The “crime” O'Keefe and the others were alleged to have committed was taking positions shared by Gov. Scott Walker during his 2012 recall election campaign and creating issue ads advocating those positions to voters. The Democrats claimed that constituted illegal campaign coordination under Wisconsin law.
In a ringing 26-page opinion, Randa disagreed, saying the Democrats were improperly “rendering the plaintiffs a subcommittee of the Friends of Scott Walker and requiring that money spent on such speech be reported as an in-kind campaign contribution. This interpretation is simply wrong.” Randa added that had the Democrats succeeded in the case, it would mean “that any individual or group engaging in any kind of coordination with a candidate or campaign would risk forfeiting their right to engage in political speech.” Randa’s opinion is a significant victory for freedom of speech and political expression. Later in the day of Randa's decision, a federal appeals court stayed his order pending further deliberation.

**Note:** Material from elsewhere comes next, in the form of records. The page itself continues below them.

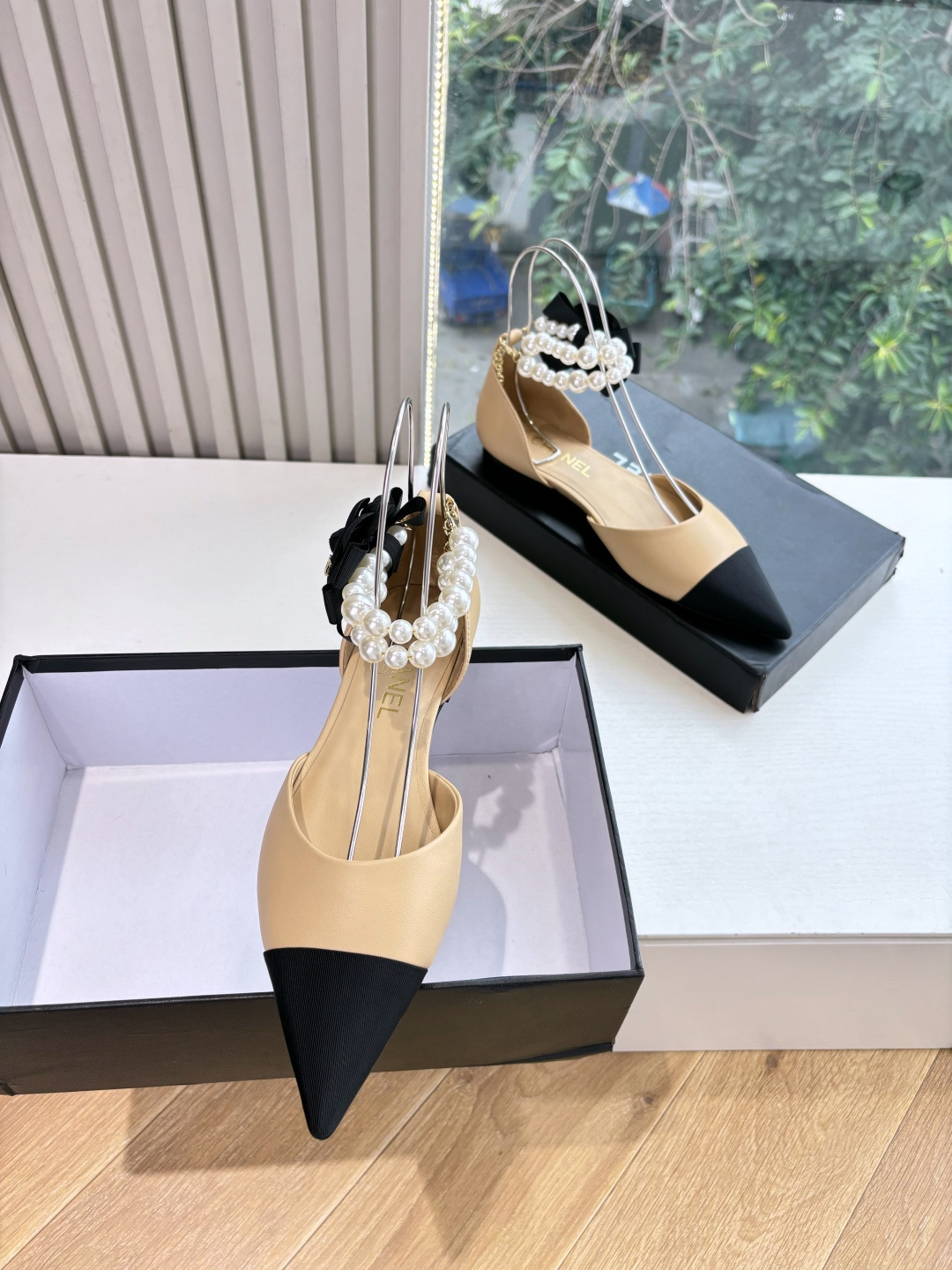 Elegant beige pointed-toe flats with black tips, featuring double-layered pearl ankle straps and a black camellia flower accent. - Hình 2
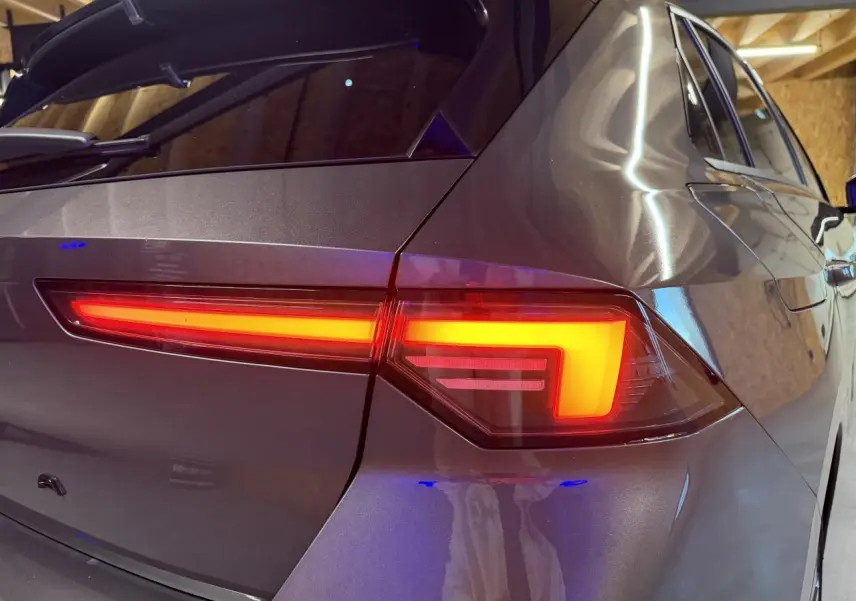 Gros plan sur le feu arrière droit d’une Opel Astra gris foncé, soulignant les lignes modernes et le vitrage surteinté.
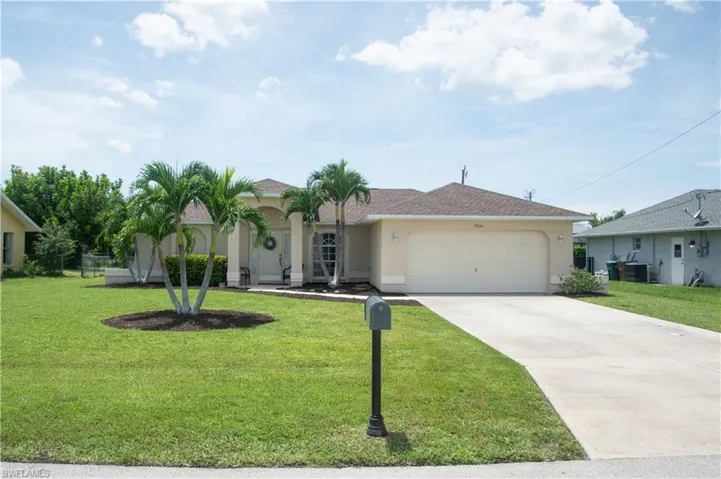Ranch-style house with a garage and a front lawn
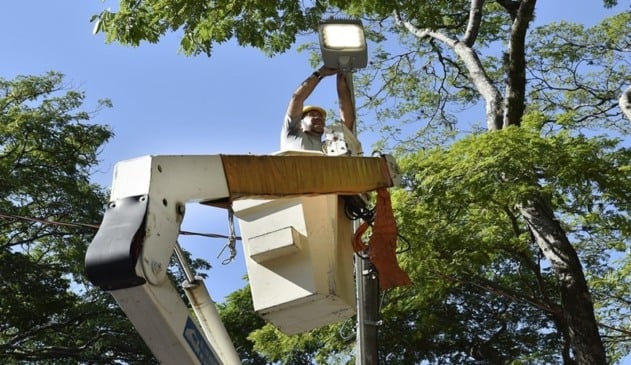 Eletricista instalando luminária de LED em poste
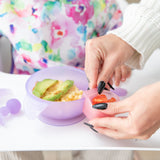 Hands attach a Bumkins Silicone Little Dipper Combo 2 Pack: Magenta Jelly filled with tomatoes to a purple bowl of food on a high chair tray.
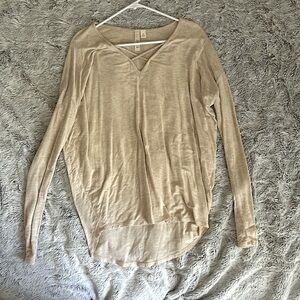 Tunic style long sleeve, v neck with a cross detail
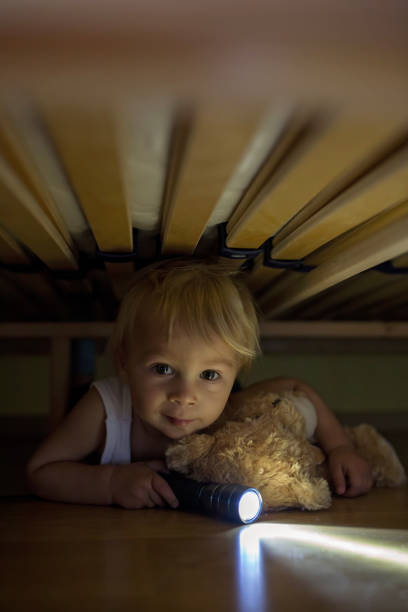 Little child, hiding under the bed, hugging teddy bear and holding flashlight, scared and sad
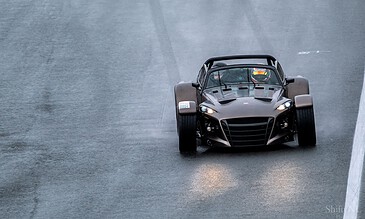 1. Sleek black race car on wet race track during a high-speed racing event, showcasing professional motorsport action and dynamic driving.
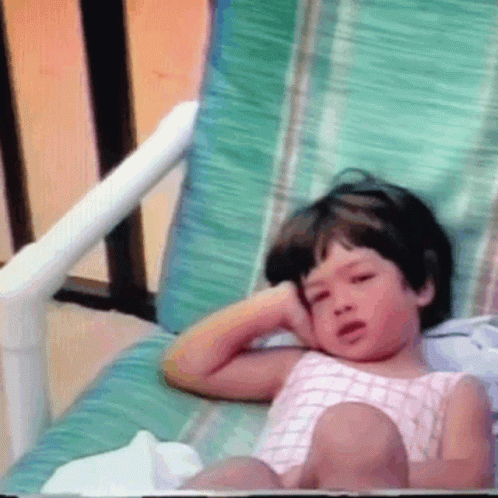 little girl covered up in purple while sitting on a porch chair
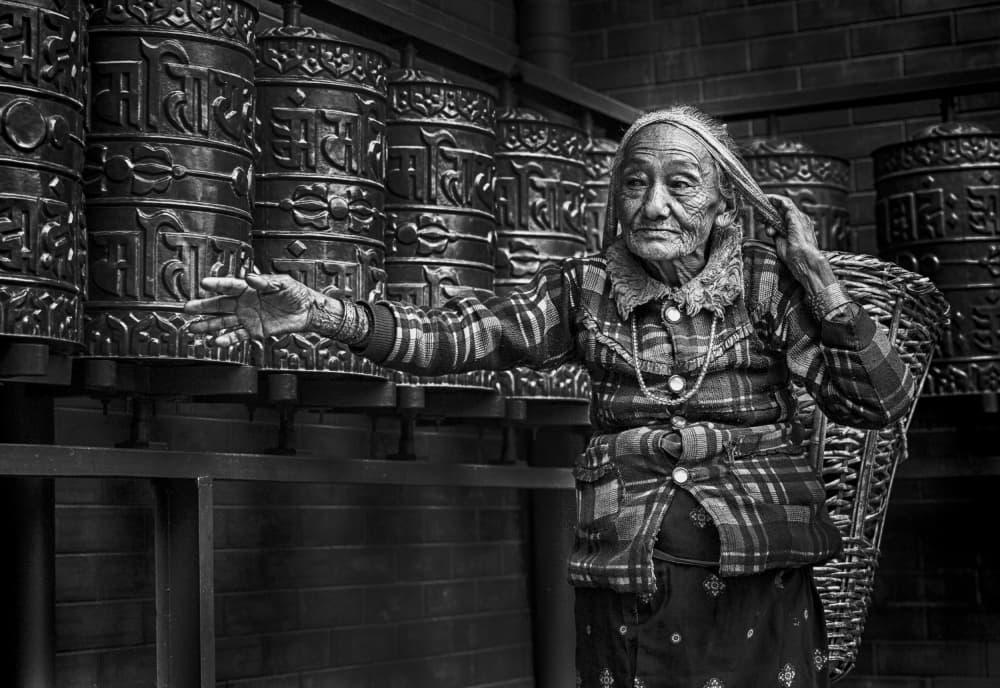 Elderly Woman's Devotion by Angela Muliani Hartojo — canvas wall art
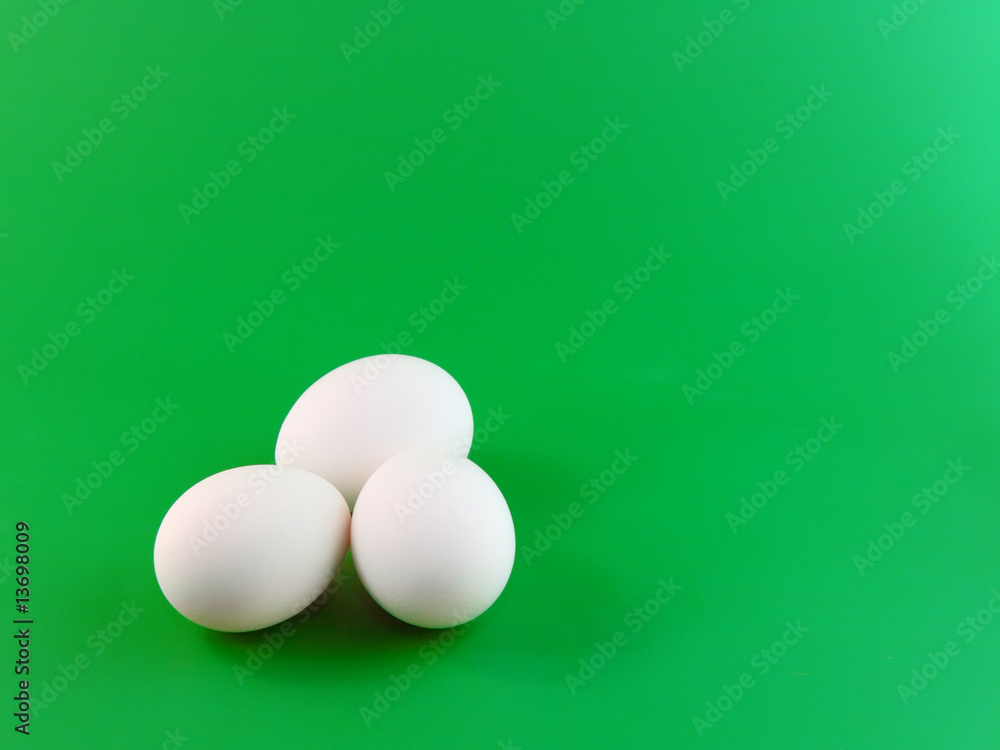 Easter time- Three eggs on green background. Easter time- Three eggs on green background.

Unfortunately, the steps taken in the nation's capital on the same day were in the opposite direction. The Washington Examiner's Paul Bedard reported Federal Election Commission Chairman Lee Goodman's warning that “there are impulses in the government every day to second-guess and look into the editorial decisions of conservative publishers.” There have already been several proposals before the FEC to regulate conservative media outlets, Goodman said. The proposals were defeated, but only because the FEC is evenly split between Republicans and Democrats. The Democrats voted for the proposals.
Goodman diplomatically observed that he has “seen storm clouds that the second you start to regulate them, there is at least the possibility or indeed proclivity for selective enforcement, so we need to keep the media free and the Internet free.” Using government power to gag political opponents would be the inevitable result of an FEC move to regulate conservative media. Such regulation would likely be justified by proponents as being “in the public interest.” That's why the regulation would quickly spread from the FEC to other federal agencies as politicians and bureaucrats across the government suddenly discover that criticism of their programs and policies “harms the public interest.”
The temptation to abuse such power would be irresistible to members of both political parties, but the present reality is that Democrats look like the party most likely to succumb. Sooner or later, Democratic leaders must decide if they are friends or enemies of the First Amendment.